Dalam kusutnya benang hitam yang saling bergelut dalam kepalanya, hape Aswin berdering.
”Saudara Aswin, kami telah membaca naskah novel yang saudara kirimkan beberapa hari yang lalu. Naskahnya cukup menarik karena sedikit berbeda daripada naskah pada umumnya. Ini bisa menjadi ciri dan daya tarik tersendiri yang akan jarang ada di pasaran. Jika pembaca sampai terbawa suasana ke dalam cerita, ini bisa menjadi pola pemasaran tambahan yang gratis namun sangat efektif“ ujar laki-laki yang berbicara dari telepon.
”Terimakasih atas penghargaan Bapak kepada Naskah yang kami kirim. Kami bertiga pun sepakat jika naskah ini diterbitkan“ Aswin menjawab
”Namun, ada satu hal yang kurang. Tidak disebutkan siapa nama pengarangnya, minimal nama pena“ Aswin baru teringat, karena terburu-buru dia hanya menyatukan surat-surat itu dan mengirimkannya, tanpa ada keterangan nama pena pengarang.
”Mohon maaf, Pak. Itu murni kelalaian kami.

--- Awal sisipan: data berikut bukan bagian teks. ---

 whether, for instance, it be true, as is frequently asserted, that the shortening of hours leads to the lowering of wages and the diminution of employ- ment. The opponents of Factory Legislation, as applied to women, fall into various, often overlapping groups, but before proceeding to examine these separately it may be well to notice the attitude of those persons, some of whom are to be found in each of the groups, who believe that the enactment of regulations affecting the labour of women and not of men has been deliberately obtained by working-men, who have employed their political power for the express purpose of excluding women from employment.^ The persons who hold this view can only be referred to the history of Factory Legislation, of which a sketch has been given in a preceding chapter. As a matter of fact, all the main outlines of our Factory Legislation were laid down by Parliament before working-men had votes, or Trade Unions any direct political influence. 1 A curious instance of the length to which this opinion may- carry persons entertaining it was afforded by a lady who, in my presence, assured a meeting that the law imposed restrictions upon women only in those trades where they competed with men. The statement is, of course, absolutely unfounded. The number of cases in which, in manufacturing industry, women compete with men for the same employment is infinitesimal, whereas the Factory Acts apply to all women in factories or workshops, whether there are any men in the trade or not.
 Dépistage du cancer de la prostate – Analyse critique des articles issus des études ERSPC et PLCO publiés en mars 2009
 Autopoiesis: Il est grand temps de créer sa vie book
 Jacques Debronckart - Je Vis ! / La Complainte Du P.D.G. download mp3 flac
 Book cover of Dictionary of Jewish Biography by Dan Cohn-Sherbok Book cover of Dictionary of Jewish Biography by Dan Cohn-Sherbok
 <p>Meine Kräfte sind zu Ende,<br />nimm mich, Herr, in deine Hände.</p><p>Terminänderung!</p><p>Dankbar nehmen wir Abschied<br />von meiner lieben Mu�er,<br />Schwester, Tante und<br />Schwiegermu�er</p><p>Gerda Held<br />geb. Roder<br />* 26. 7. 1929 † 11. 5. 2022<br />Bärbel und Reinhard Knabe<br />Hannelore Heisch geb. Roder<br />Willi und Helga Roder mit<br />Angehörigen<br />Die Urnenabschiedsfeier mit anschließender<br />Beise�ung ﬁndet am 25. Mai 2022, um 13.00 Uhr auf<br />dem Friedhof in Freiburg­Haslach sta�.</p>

Nama pena untuk naskah tersebut adalah Hamada WAN “
”Nama lengkap pengarang?“
”Hamdi, Pak“
”Loh, bukan saudara pengarangnya? “
”Bukan, Pak. Pengarang aslinya benama Hamdi“
”Boleh kami berbicara secara langsung dengan Pak Hamdi? “
”Boleh, tentu saja boleh. Namun, sepertinya untuk saat ini belum bisa, karena Pak Hamdi sedang terbaring di rumah sakit“
”Baiklah. Mungkin nanti kami akan menghubungi kembali, jika Pak Hamdi sudah baikan“
”Terimakasih atas kesempatan yang diberikan kepada kami, Pak“ ucap Hamdi.
Dalam jam yang sama Aswin menerima dua kabar. Kabar gembira dari penerbit dan suatu yang menambah bingung karena ternyata tiga surat yang harus kembali.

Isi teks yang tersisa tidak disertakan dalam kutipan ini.